Raise your hand if you are tired of figuring out what to eat every day. It happens to the best of us! It is so much easier to be successful if you plan ahead. As you are racing headfirst into the "back to school" season, consider some of these meal prep tips to keep your family healthy and happy!
First, It helps if you set aside sometime on the weekend (or whatever your best day is) to plan and prep.
Decide ahead of time what you want to eat for the week, and head to the store with a breakdown of all of those ingredients written out. When you have your food, prep it all at once. You already pulled out the cutting board, knives, mixing bowls, pans, etc. Wash them once and move on! Use containers or plastic bags to separate your ingredients and mark them.
Breakfasts can be tricky, especially when you have a busy schedule!
Make-ahead breakfasts are a great way to have a healthy, quick start to the day. Protein bites and egg muffins are a couple of favorites; see the following recipe. You can make them ahead on your meal-prep day and just grab and go in the morning. If you didn't get around to prepping, avocado on some whole-grain toast or a yogurt (high protein, low sugar) with fresh fruit are some easy, healthy options as well.
Want healthy options for the kids' lunches, but sick of the ice packs not making it home?
There are plenty of foods that will be ok out of the refrigerator until lunchtime without having to revert to packaged foods. If your school allows nut butter, chopped-up veggies with a scoop of peanut butter is a great snack. For a healthier PB&J, you can do a wrap with peanut butter and chopped strawberries, grapes, or bananas. Veggie sticks and single-serve hummus containers are a great nut-free alternative. Dried fruits, bananas, oranges, snap pea crisps are all easy and safe things to throw in a lunchbox.
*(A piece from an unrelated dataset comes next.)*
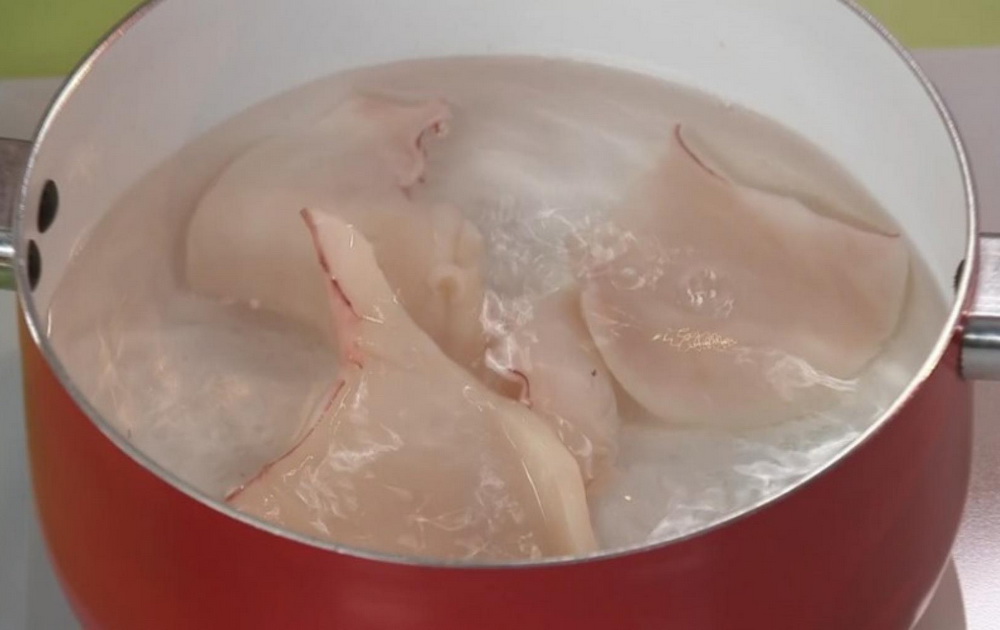 Как варить кальмары для салата замороженные неочищенные
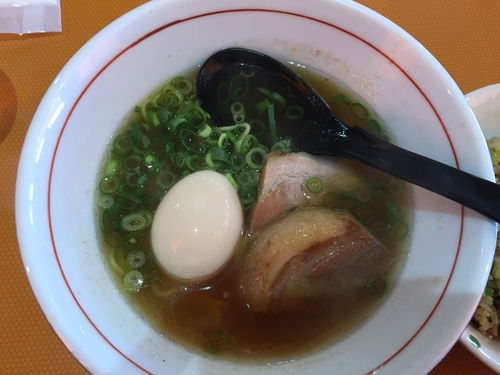 「空海ラーメン+焼飯(Bセット)¥650+¥310」@遊食 空海の写真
Dinners are where that meal prepping can really come in handy
When you get home at the end of a long day, chances are you don't feel like thinking about what to make, let alone spending a bunch of time on it. If you have the prep work done ahead of time, it is easy to throw food on the grill, oven, or stovetop.
There are tons of fantastic recipes out there, looking for clean and few ingredient meals are the key.
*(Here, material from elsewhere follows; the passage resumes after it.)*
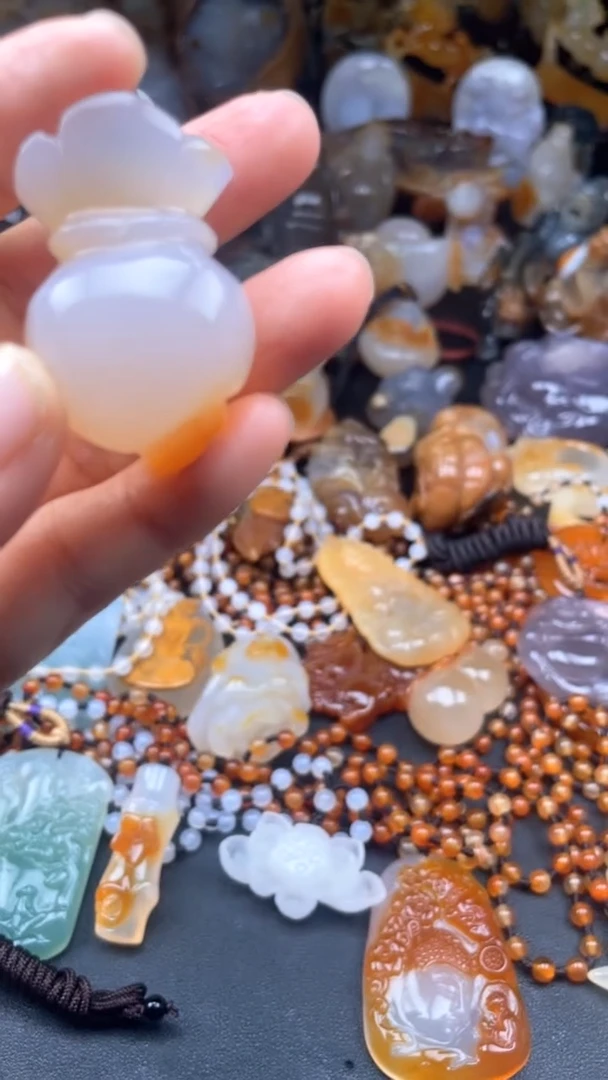 【闪购商品】玛瑙/玉髓颈饰未镶嵌AA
Adding meal prepping to your routine will quickly become second nature, and it will feel so good to not be constantly scrambling to feed your family. Let us know if you find a great recipe that you're willing to share. It's easier to stick with meal prepping if you know someone else is in the same place. Enjoy!
NEED SOME QUICK IDEAS FOR A HEALTHY BREAKFAST?
Egg Cups: Chop up your favorite veggies (and/or meats). Throw them in some sprayed muffin tins. Add egg whites to the top, bake at 400 for 20 minutes. Store in the fridge.
Protein Bites: 1 cup dry oatmeal, 2/3 cup coconut flakes, 1/2 cup ground flax, 1/2 cup PB, 1/3 cup honey or agave, 1/2 cup any toppings (chopped nuts, dark chocolate, raisins, etc.), 1 tsp vanilla. Mix together and roll into balls. Store in the fridge.